En 538 av JC, le roi perse Cyrus arrive en pacifique à Babylone. Il est monothéiste, c'est à dire qu'il ne croit plus aux multiples divinités. Mazda, la lumière, principe et source de toute chose est l'unique Dieu. C'est au nom de cette foi qu'il peut se présenter comme le "sauveur" des peuples, l'envoyé de Marduk pour les Babyloniens, l'envoyé de YHWH pour les exilés de Juda... 
Ce texte émane de la communauté des exilés disciple du prophète Isaïe. Il a été écrit soit à la fin de l'exil en Chaldée, soit au retour d'exil en Judée.

  Théo/Philo-thèses 

 

Cyrus était-il monothéiste ?

Le courant proto-mazdéen va frôler l'intuition biblique, il va en tout cas lui être opposé, à l'époque de Cyrus; mais le dieu perse se présente avant tout comme le principe ultime et justificateur d'un ordre cosmique universel, un symbole intégrateur d'un monde abordé et organisé désormais comme un seul et même empire. Sa présence ne se conjugue pas sur le mode personnel, mais organisationnel, comme le "coup de patte" d'un artiste fonde et explique l'unité d'une composition artistique, ou comme une autorité absolue signe un décret.

Jean-Marie Beaurent, RTP / 176

Sans que les concepts soient fixés, l'approche d'un Dieu et d'un homme, ou d'un peuple, comme "pôles spirituels" commence déjà à entrer dans le domaine de la théologie et de l'anthropologie bibliques. On peut dire que Quelqu'un est entré dans la vie du peuple; celui-ci va en être bouleversé et meurtri. il va être profondément marqué par cette rencontre: il ne sera plus seulement le produit de la nature ou de l'histoire, mais il en sortira presque "dénaturé", hanté par la visite.  Quelque chose se lèvera en lui, dès lors qu'il se sentira appelé par un au-delà... il deviendra un répondant, il deviendra "personnel", même si cette réponse se joue communautairement: c'est pourquoi on pourra parler plus tard d'une "personne collective", parce que Quelqu'un de divinement personnel l'aura rejoint, aura inspiré et habité son langage pour mieux communier avec lui et donner ainsi une densité à sa responsabilité.

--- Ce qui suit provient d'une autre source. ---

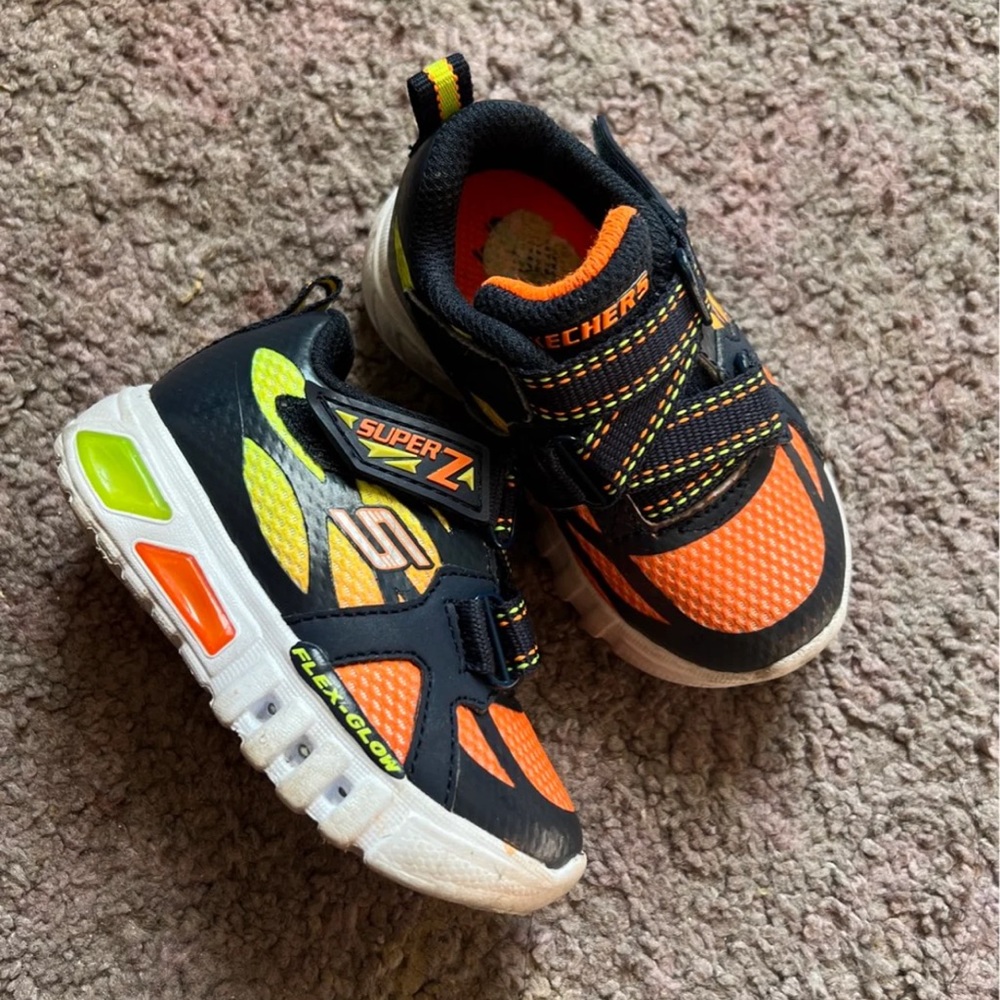 Toddler Skechers light up sneakers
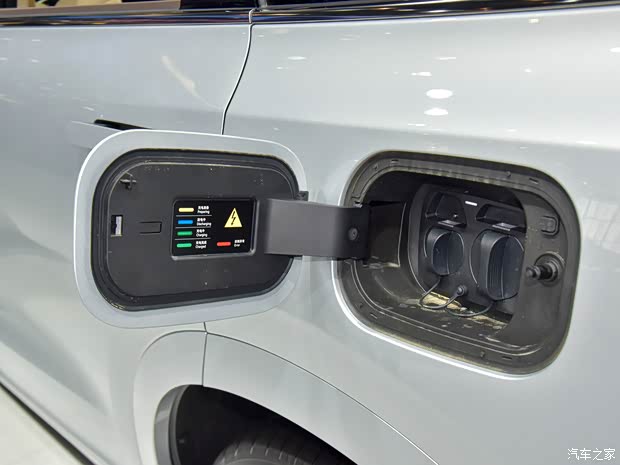 AITO 问界 问界M7 2024款 1.5T 智驾四驱Max版 5座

On pourra donc définir la foi d'Israël comme un monothéisme éthique... non seulement parce qu'il induit des conséquences éthiques envers "autrui" et la création, mais parce que la relation avec la présence divine s'expérimente comme une rencontre entre deux "personnes". Comparée à une telle expérience, aucune idole ne peut prétendre à une densité de présence. La "personne" divine ne peut être cernée comme un être charnel, mais seulement évoquée comme une mystérieuse instance, comme une interpellation créatrice.

Jean-Marie Beaurent, RTP / 190

Contemple
sq-2-14-dia, © Mess'AJE

 

Ainsi vécut le peuple, à moitié au pays à réécrire l'histoire, à moitié en exil, déraciné de tout, en dehors de sa terre, sans roi, sans le secours du temple, avec pour seul appui les prophètes, veilleurs de la nuit. Comme au temps du désert, quarante ans s'écoulèrent, puis le roi fut gracié sans que l'on sût pourquoi. Suffisait-il à Dieu qu'une seule génération expie pour le péché ? Était-ce le hasard ou la clémence du vainqueur ? Qui aurait pu le dire ?  C'est alors que Cyrus, un nouveau conquérant, s'en prit à Babylone. On aurait pu se réjouir, mais on pouvait aussi tout craindre car Cyrus, héritier du monothéisme de ses pères,semblait se rire de tous les dieux. Au lieu de disperser les vaincus, de disloquer leurs cultes, il laissait aux victimes, leurs prêtres et leurs temples. Qu'aurait-il craint de dieux qui pour lui n'étaient rien ? Cyrus se disait envoyé de Marduk pour sauver Babylone. Sans doute se dirait-il bientôt envoyé de YHWH pour sauver Israël.